Japanese and whaling

I have to admit that I conflated treaty with convention. Still, they signed an agreement and constantly circumvent it. The honest thing to do would be not to sign an agreement that would not be followed. The thing that pisses off pretty much all parties is the two-faced tack they’re taking. The impending expansion of “research” whaling is going to be pretty close to the numbers being taken when Japan’s whaling was openly commercial in nature.

Still, it’s an agreement between whaling nations. Maybe they view it as “Fight Club” or something.

Well, “Don’t hunt whales, they’re pretty,” is at least as rational an argument as, “Let me hunt whales, they’re tasty.”

This is a key point. As long as whaling is virtually banned, there is no real market for it and virtually anyone doing it is doing it illegally. Even choked down to that level, regulating whaling is hard.

If moderate legal whaling were allowed a market for whale meat developed, and an industry around that expanded, regulation would fall apart. Like all industries, it would never be happy with the size and level of profits it had and would want to get bigger. When the world’s oceans are your playing field, avoiding the eye of the referee is pitifully easy.

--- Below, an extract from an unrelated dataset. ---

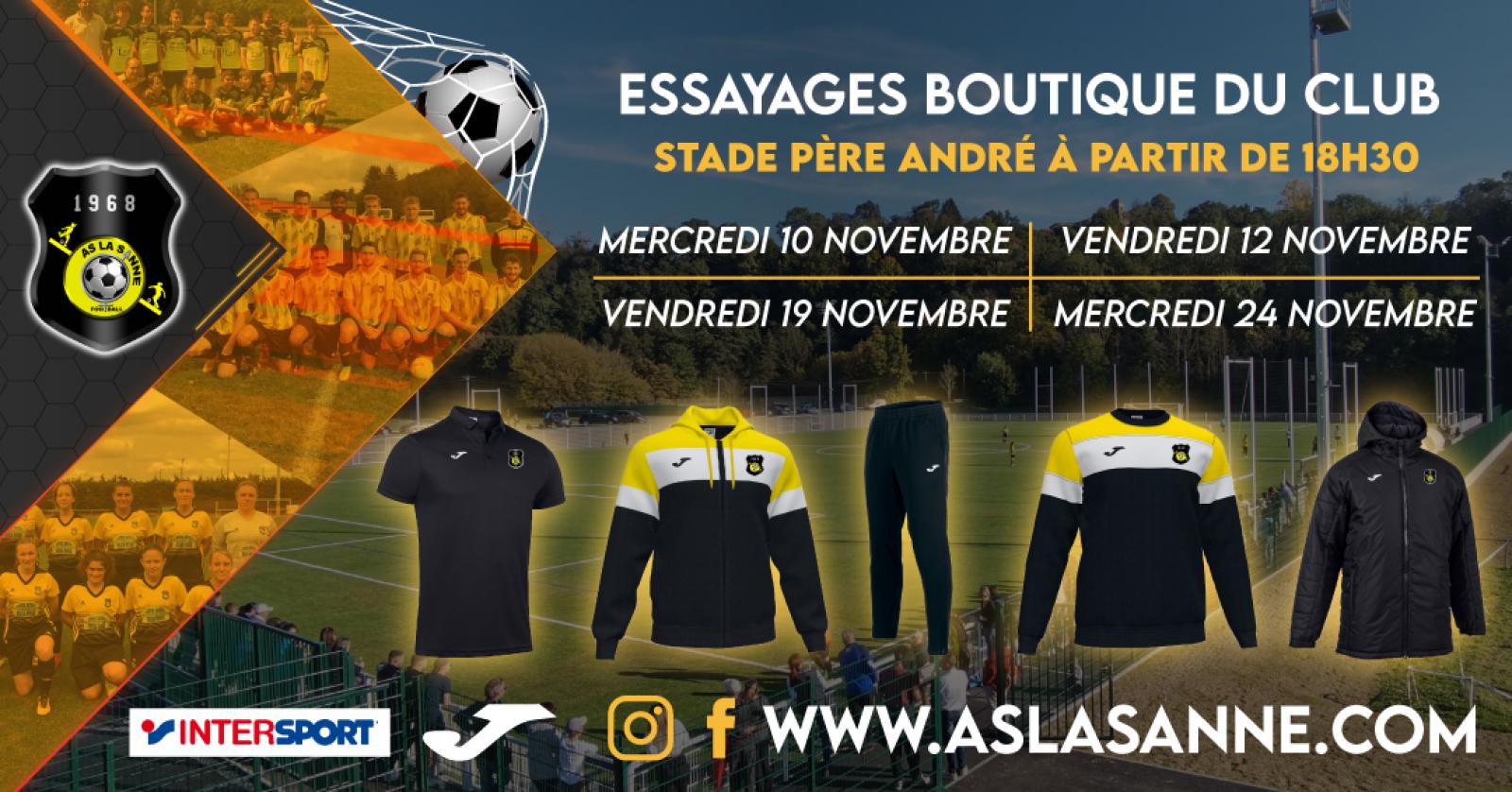 Essayages Boutique du club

The pace at which modern fishing could scoop up the world’s whale population could easily outstrip the whale populations ability to regenerate, and any scientific attempt to show that whales were heading to extinction. The industry would in the usual fashion vociferously deny any evidence to this effect that was less than utterly rigorous, while lobbying ferociously against any form of regulation, until it was too late.